Oscars: Every Best Picture Nominee Of The 2010s - Ranked Worst To Best

38. Midnight In Paris

Midnight In Paris Marion Cotilliard Owen Wilson
Sony Pictures Classics

You could say that Midnight in Paris is a bit of a cheat movie. How can a film all about romanticising the past and transporting the viewer back to an idealised version of the roaring 1920s and letting them rub shoulders with the likes of F. Scott Fitzgerald and Jean Cocteau not evoke the kind of warm, comfort blanket feeling that so many Oscar movies rely on for success?

It can't, but Midnight in Paris is so good because it doesn't just rest on that draw for a whole 90 minutes. Instead it picks it apart and deconstructs the entire idea of nostalgia and romanticising a past generation instead of living in the moment and making the most of the present. Not to the point where that invalidates the reading of the film as a straight throwback, but enough to make it more than the inoffensive compilation of iconography it could have so easily been.

JB

37. Black Panther

Black Panther
Marvel Comics

The first superhero movie to be nominated for Best Picture, you can argue that others before it (The Dark Knight, Logan etc) have been more deserving. But the fact a comic book movie has broken through at all is something to be celebrated, and among the nominees this year it's difficult to argue against Black Panther's inclusion.

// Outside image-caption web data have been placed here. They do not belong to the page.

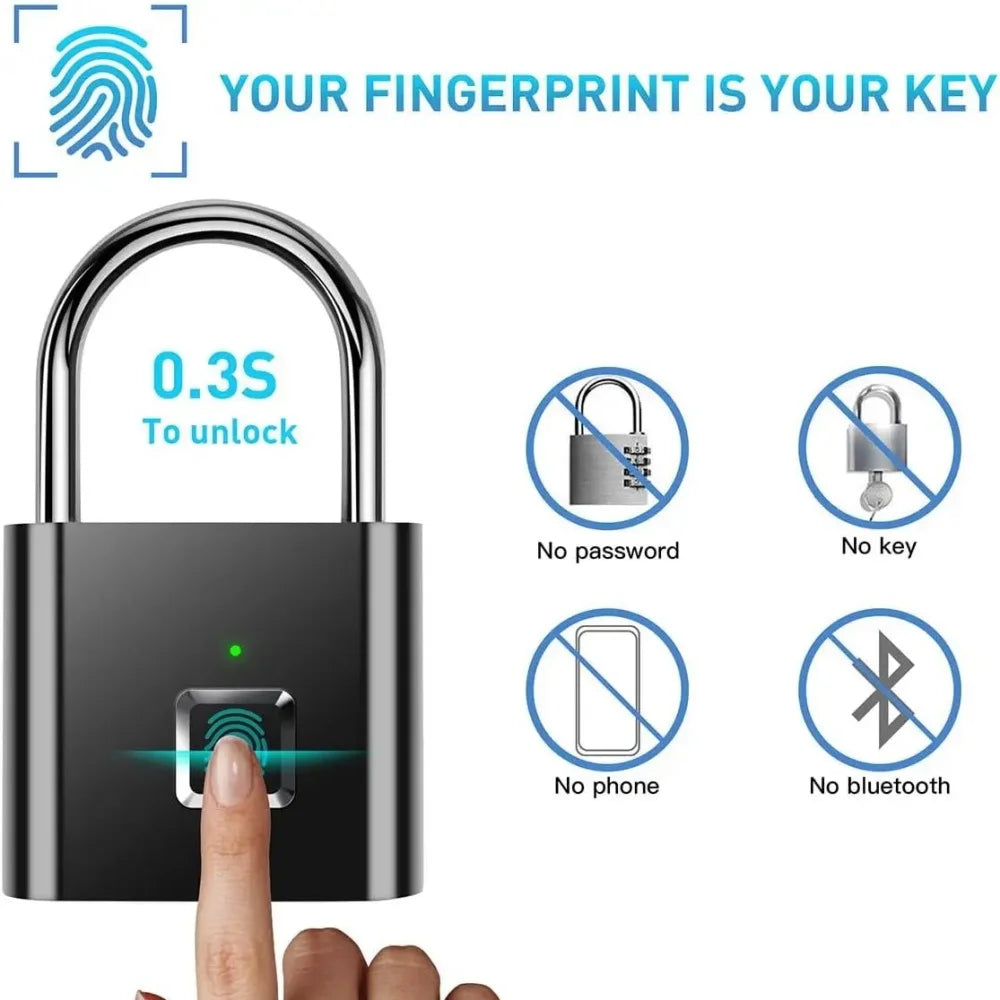 Lucchetto Impronta Digitale 20 Impronte Registrabili Batteria Ricaricabile USB Zinco Nero Argento Sicurezza Prontezione - POWER SMARTECH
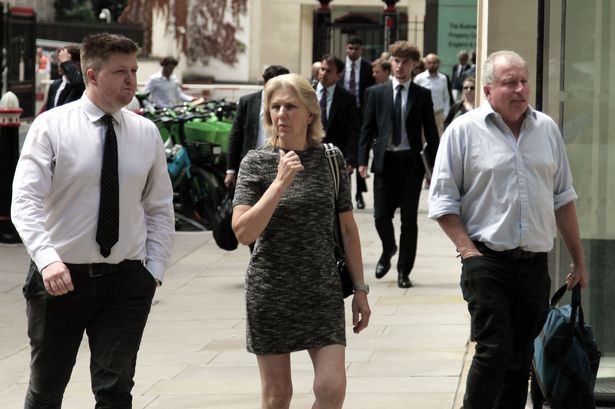 Picture shows Jennifer Scott during High Court trial over multimillion pound will of car boot king Richard Scott. On left of image is her son Gordon Redgrave-Scott.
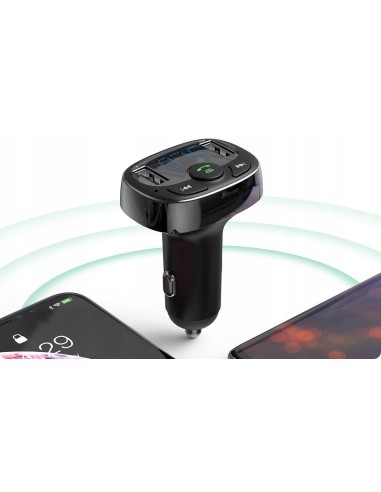 Baseus T typed | Transmiter FM bluetooth MP3 Ładowarka samochodowa 2x USB TF microSD 3.4A  CCMT000001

The film does have some issues with its third-act - the visual effects here are especially bad - but that's forgivable when what comes before it is so good. The cast, characters, story, and world-building are extremely well done. The art design and cinematography are gorgeous, the music powerful, and Michael B. Jordan gives a towering performance that ranks among the MCU's best. To so deftly handle themes around colonialism, slavery, black culture and black lives is impressive. To do so while still being a highly entertaining superhero flick is even more so.

JH

36. Moneyball

Brad Pitt In Moneyball 600x300
Columbia Pictures

If you've ever aspired to pick up a pen and write something professionally, there are a few films that you should immediately be jealous of. Jealous in a good way - the kind that grabs you by the grey matter and tells you to get your sh*t together and work - but jealous all the same. When Harry Met Sally is one of them. Moneyball is another.

Written so well that nobody seemed to notice it was about maths and baseball losers, Moneyball manages to somehow retain the romance of an underdog sport movie story (because even when you're not invested in the sport, you're invested in the romance), despite the story fundamentally being about the opposite. Here, analytics and cold hard calculations are made human by energy, emotion and just really, really great performances. It's like the Sandlot only with graphs.

SG

35. Hell Or High Water

Hell Or High Water
Lionsgate

Considering he's written only a handful of films and was most notable initially for acting in Sons Of Anarchy, Taylor Sheridan is a bloody genius. Adding his wry writing spirt to a cast led by Chris Pine, Oscar powerhouse Jeff Bridges and The Best Actor In The World Ben Foster proved a recipe for sun-bleached, neo-Western glory.

It's essentially a heist film flirting with the Western genre that eschews the need for gun-play or even Tarantino-style verbal dick-swinging for strong characters and a screenplay you'll wish you'd written. And by God it looks beautiful too. Too many modern Westerns are obsessed with the idea of showing the sun-parched rolling plains as some sort of desolate wasteland: here they look like paintings you want to roll around in. With Chris Pine. Or Ben Foster's moustache.